• _STUDY MATERIAL_:

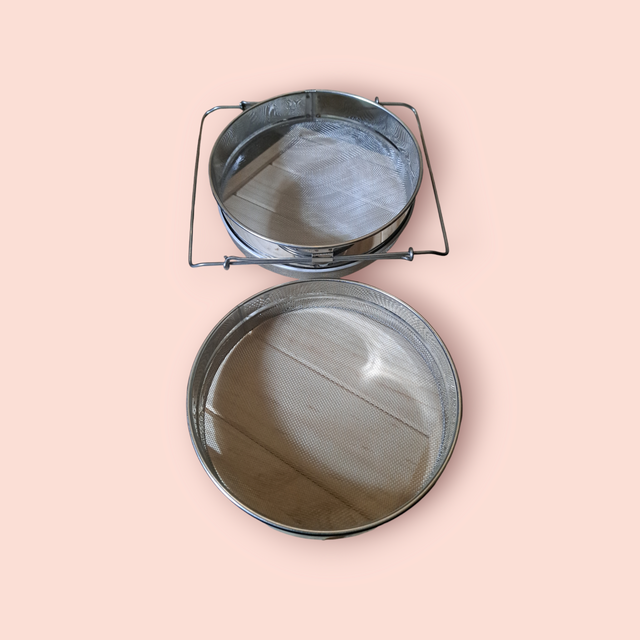 COLADOR DOBLE PARA BALDE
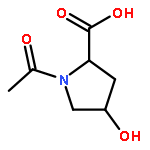 L-Proline, 1-acetyl-4-hydroxy-, cis-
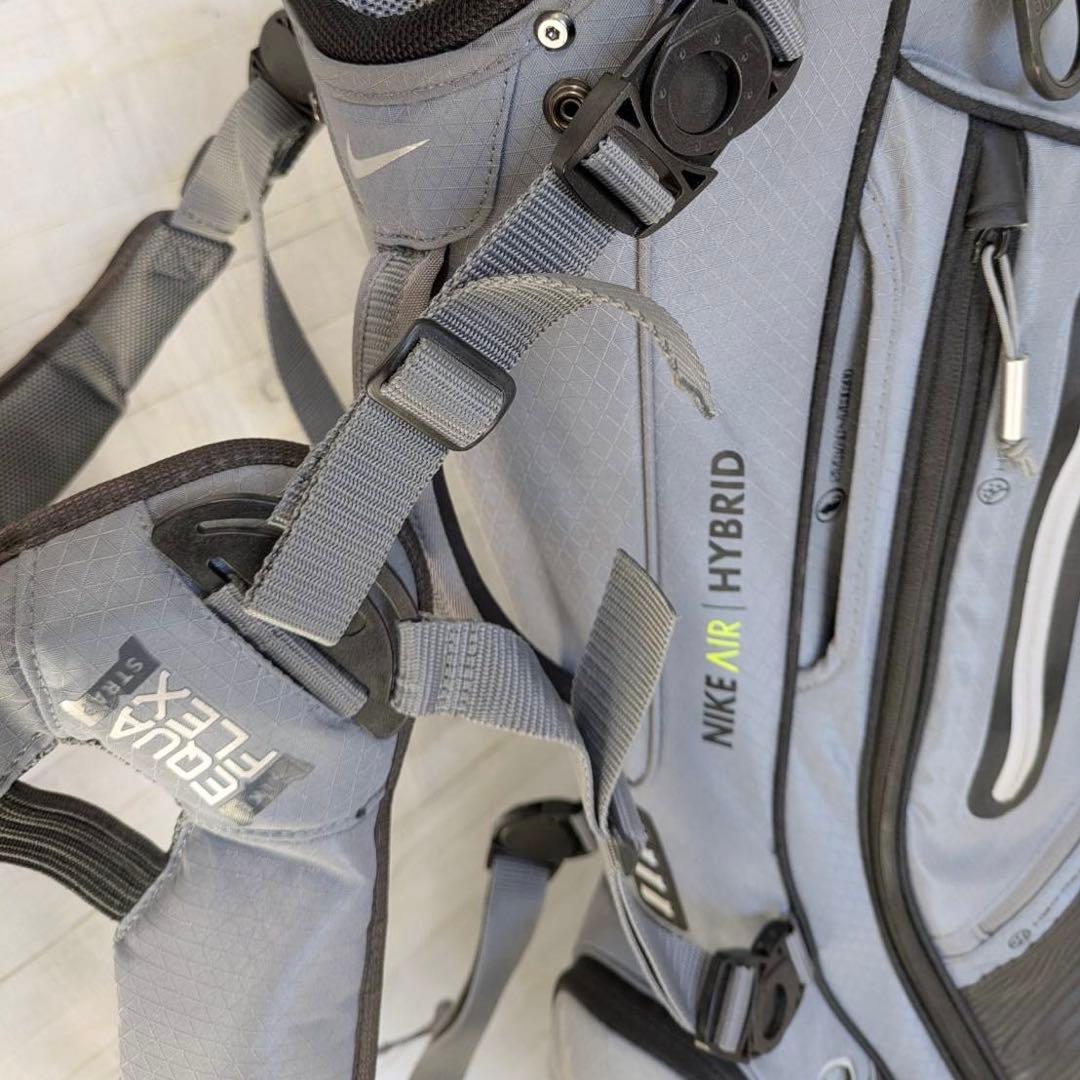 NIKE AIR HYBRID スタンド式キャディバッグ【14分割口】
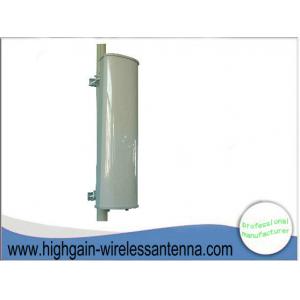 China ISM Dual Polarized Directional Wireless  long range Antenna 2.4 GHz flat Panel supplier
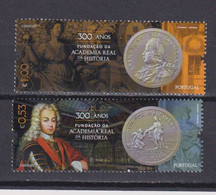 Año 2020 Nº 4625/6 Academia Real De La Historia - Unused Stamps
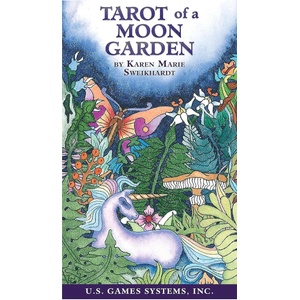 US Games Оригинални карти Таро Tarot of a Moon Garden - Karen Marie SweikhardtU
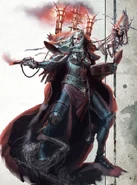 BattleSisterMartyredLadyVigilus.jpg (147 KB) A Martyred lady battle-sister who fought during the War of Beasts upon Vigilus.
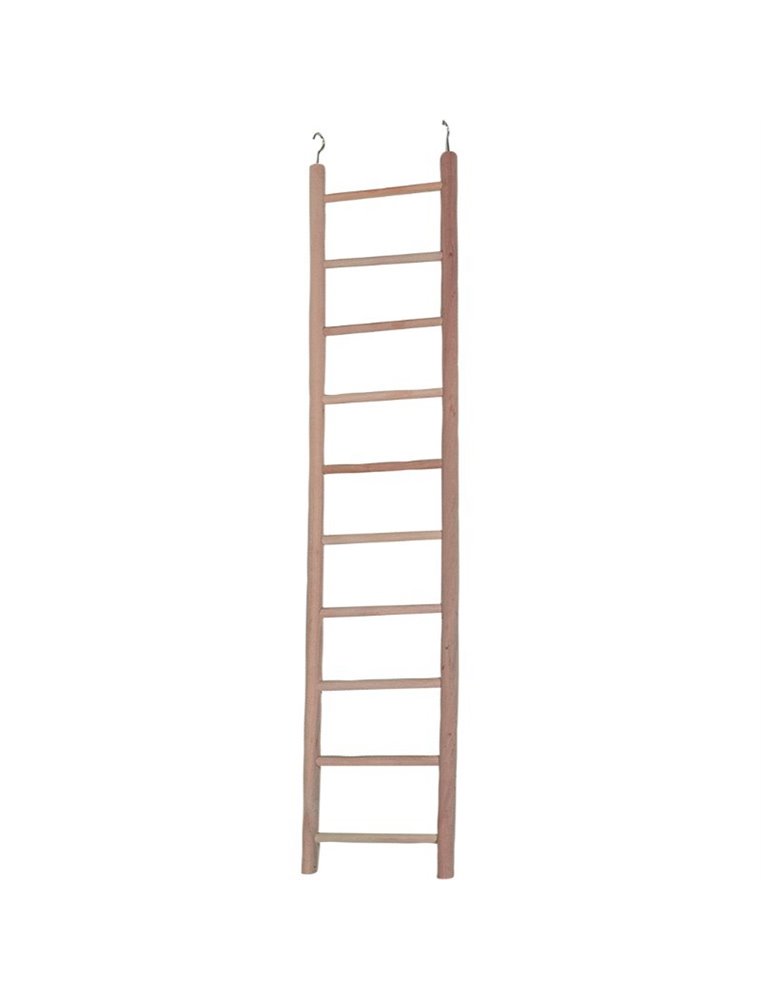 Hout. papeg.ladder escada 10 treden 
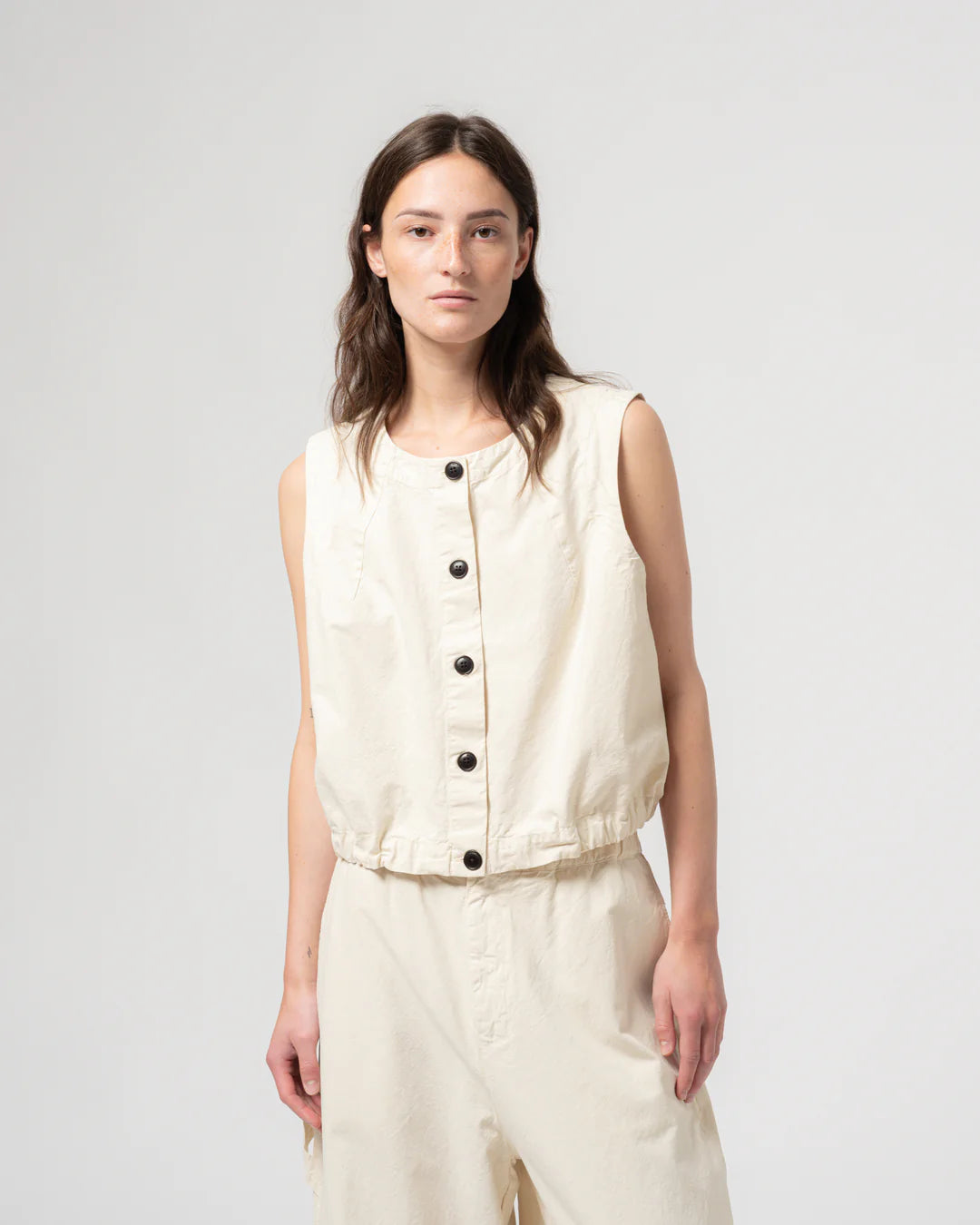 G.O.D. Cotton-Linen Veston - Wheat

• _INSTRUCTIONS TO FOLLOW_:
Return the records above exactly, without the pictures.

• _SOLUTION TO THE PROBLEM_:
 COLADOR DOBLE PARA BALDE
 L-Proline, 1-acetyl-4-hydroxy-, cis-
 NIKE AIR HYBRID スタンド式キャディバッグ【14分割口】
 China ISM Dual Polarized Directional Wireless  long range Antenna 2.4 GHz flat Panel supplier
 Año 2020 Nº 4625/6 Academia Real De La Historia - Unused Stamps
 US Games Оригинални карти Таро Tarot of a Moon Garden - Karen Marie SweikhardtU
 BattleSisterMartyredLadyVigilus.jpg (147 KB) A Martyred lady battle-sister who fought during the War of Beasts upon Vigilus.
 Hout. papeg.ladder escada 10 treden 
 G.O.D. Cotton-Linen Veston - Wheat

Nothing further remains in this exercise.